Where the line containing "WhatsApp Image 2026-04-23" appears, start repeating, and continue exactly through the last line below, adding nothing. Include no pictures.

Top of Given records

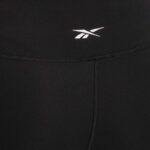 ⁦REEBOK WORKOUT READY TIGHTS⁩ - الصورة ⁦2⁩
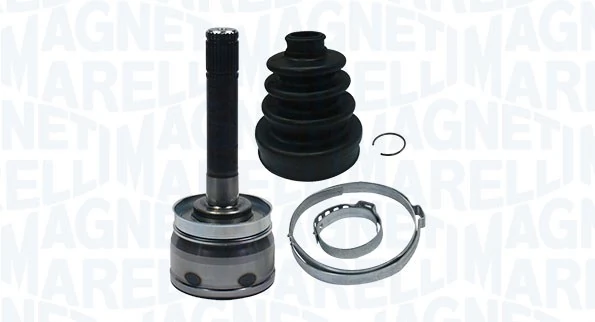 Joint Kit, drive shaft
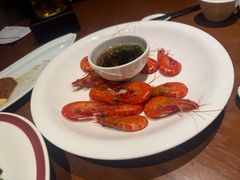 -上海人家花樣年华(中山公园店)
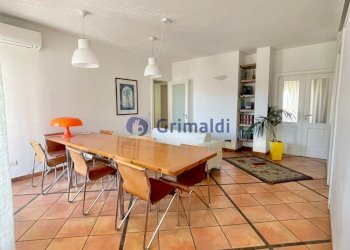 WhatsApp Image 2026-04-23 at 17.17.15 (11)_risulta - Apartment Via Lupiae 46, Lecce - photo 7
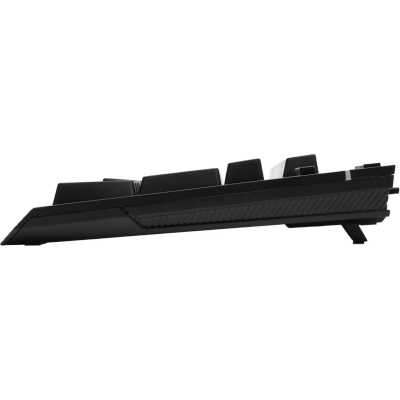 клавиатура HyperX Alloy Core RGB 4P4F5AA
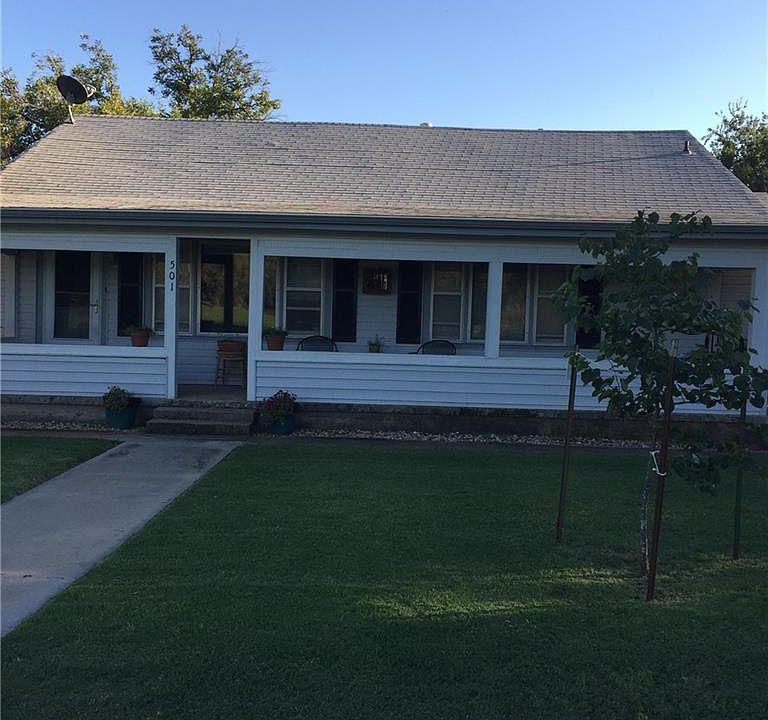 1st image of 501 Avenue A
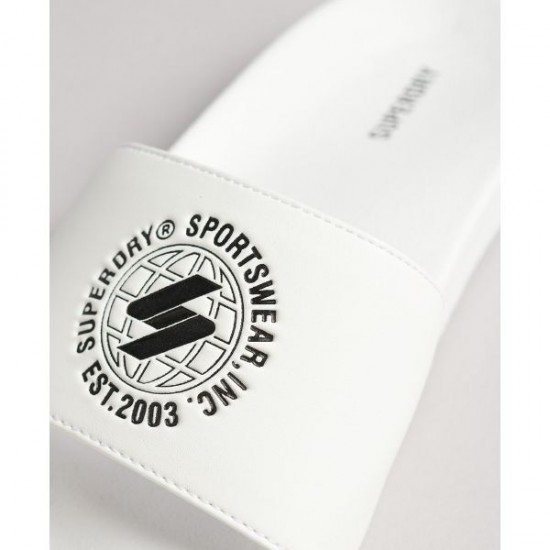 Slapi Superdry, 40/41(L)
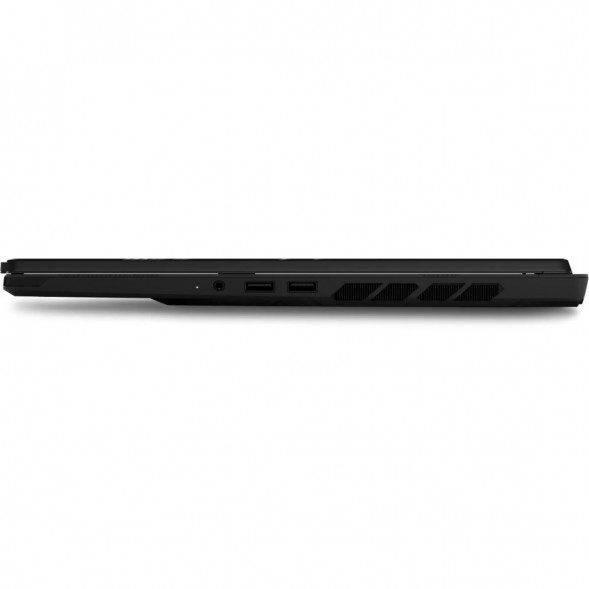 Ноутбук MSI Raider 16 Max HX B2WI-030RU (16&amp;quot;, OLED, Intel Core Ultra 9 290HX Plus 2.7ГГц, 24 ядра, 32ГБ DDR5, 2ТБ SSD, NVIDIA GeForce RTX 5080, Windows 11 Home), черный в Грозном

Bottom of Given records

Solution to this task:
 WhatsApp Image 2026-04-23 at 17.17.15 (11)_risulta - Apartment Via Lupiae 46, Lecce - photo 7
 клавиатура HyperX Alloy Core RGB 4P4F5AA
 1st image of 501 Avenue A
 Slapi Superdry, 40/41(L)
 Ноутбук MSI Raider 16 Max HX B2WI-030RU (16&amp;quot;, OLED, Intel Core Ultra 9 290HX Plus 2.7ГГц, 24 ядра, 32ГБ DDR5, 2ТБ SSD, NVIDIA GeForce RTX 5080, Windows 11 Home), черный в Грозном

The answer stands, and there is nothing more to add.